## [Your instructions]
All of the data, except its images, should be set down exactly as it appears.

===== Recorded data

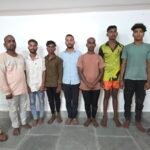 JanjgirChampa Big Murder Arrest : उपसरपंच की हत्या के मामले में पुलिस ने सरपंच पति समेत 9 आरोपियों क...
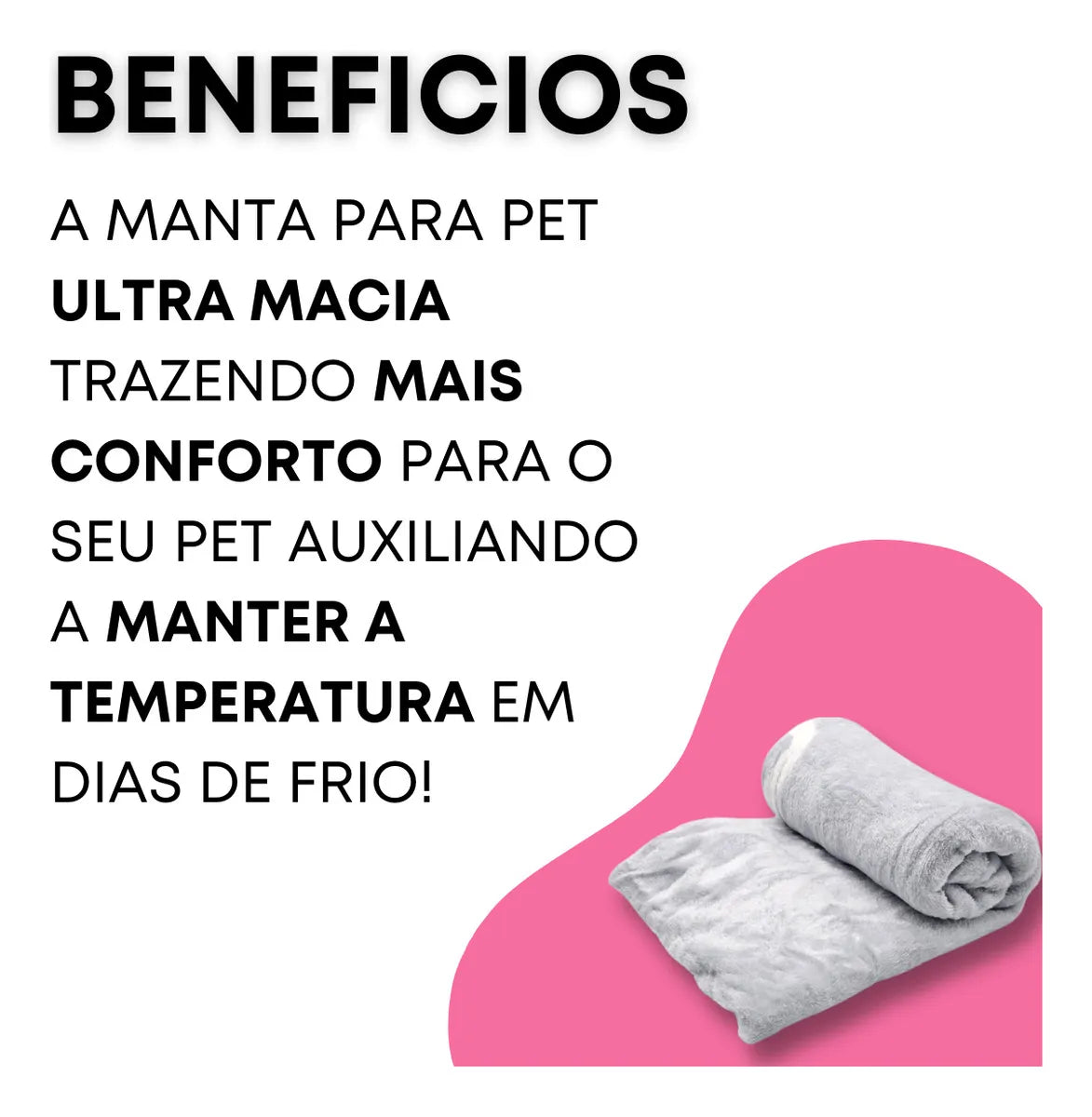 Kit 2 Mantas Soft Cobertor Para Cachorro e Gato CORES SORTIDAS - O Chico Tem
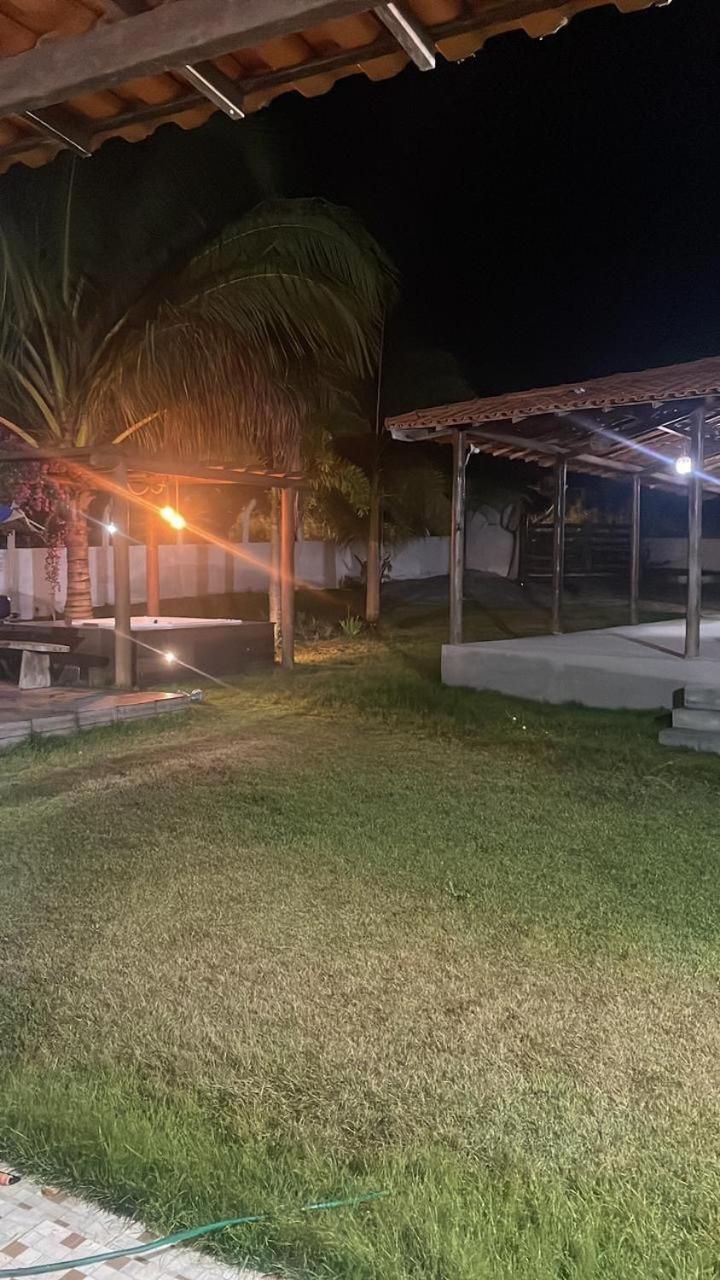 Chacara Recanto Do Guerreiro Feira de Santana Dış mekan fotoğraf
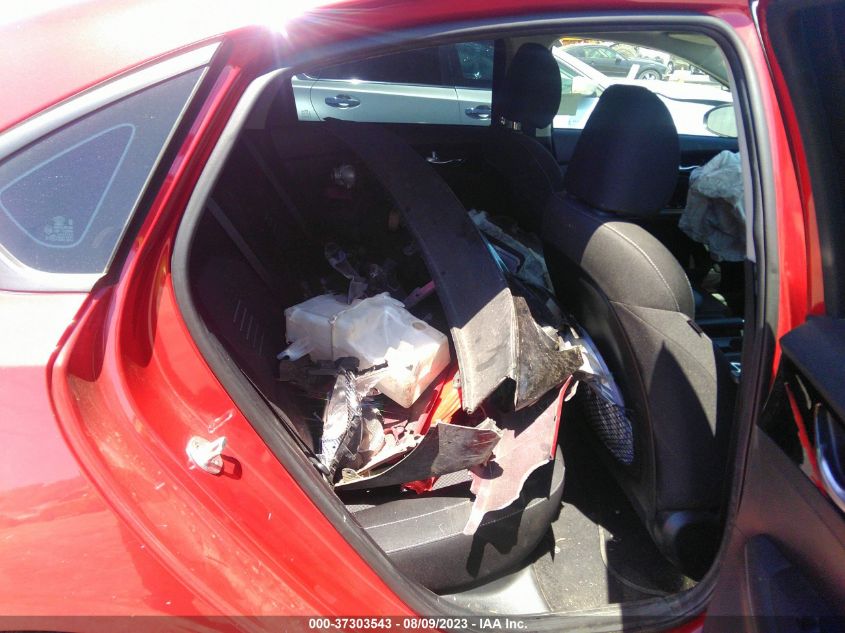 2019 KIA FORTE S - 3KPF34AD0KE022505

==========

## [Result below]
 JanjgirChampa Big Murder Arrest : उपसरपंच की हत्या के मामले में पुलिस ने सरपंच पति समेत 9 आरोपियों क...
 Kit 2 Mantas Soft Cobertor Para Cachorro e Gato CORES SORTIDAS - O Chico Tem
 Chacara Recanto Do Guerreiro Feira de Santana Dış mekan fotoğraf
 2019 KIA FORTE S - 3KPF34AD0KE022505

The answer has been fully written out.